_Task goal:_
Below are the records; extract from them the line containing "橘橘部落格 星星丝巾方巾女少女感头巾春夏韩系 原创海阳光下" to the line containing "Black Embossed Monogram Cross Body Bag", both lines included, exactly and with no pictures.

_Records for the task:_
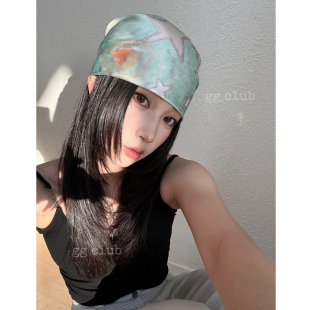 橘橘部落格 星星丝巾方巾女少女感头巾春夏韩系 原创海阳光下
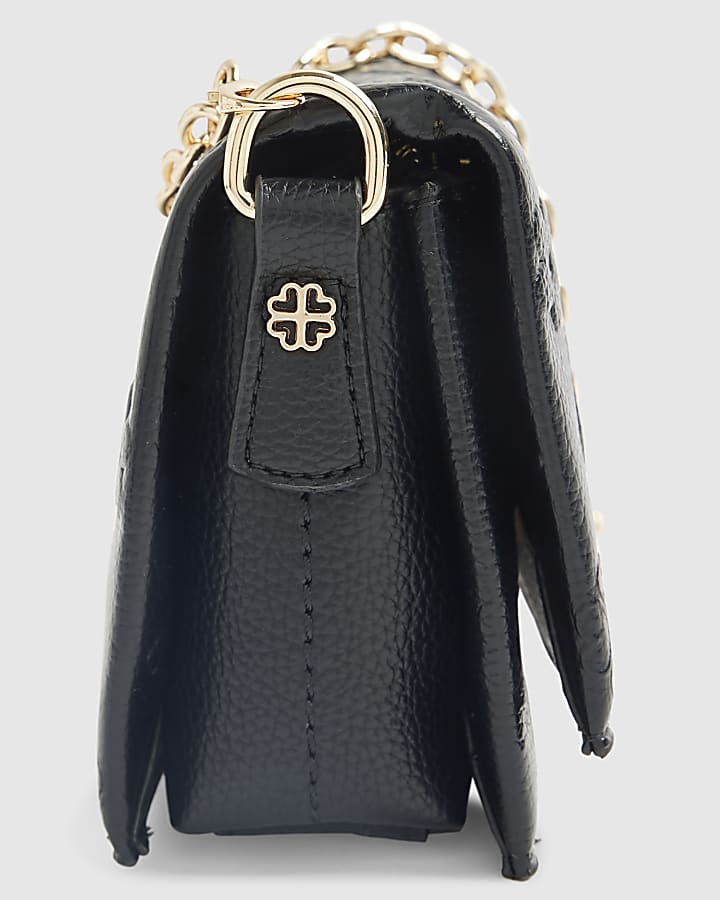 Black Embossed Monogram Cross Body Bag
...
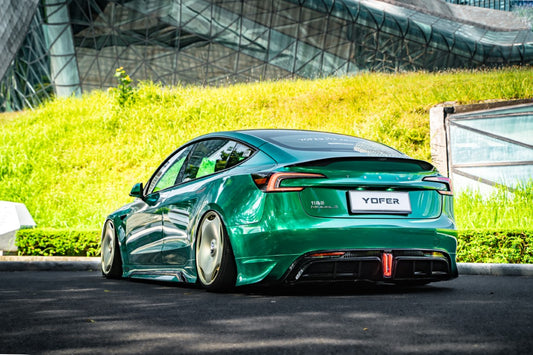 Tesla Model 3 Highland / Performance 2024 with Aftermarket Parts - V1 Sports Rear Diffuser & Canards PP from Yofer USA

_Output for this exercise:_
 橘橘部落格 星星丝巾方巾女少女感头巾春夏韩系 原创海阳光下
 Black Embossed Monogram Cross Body Bag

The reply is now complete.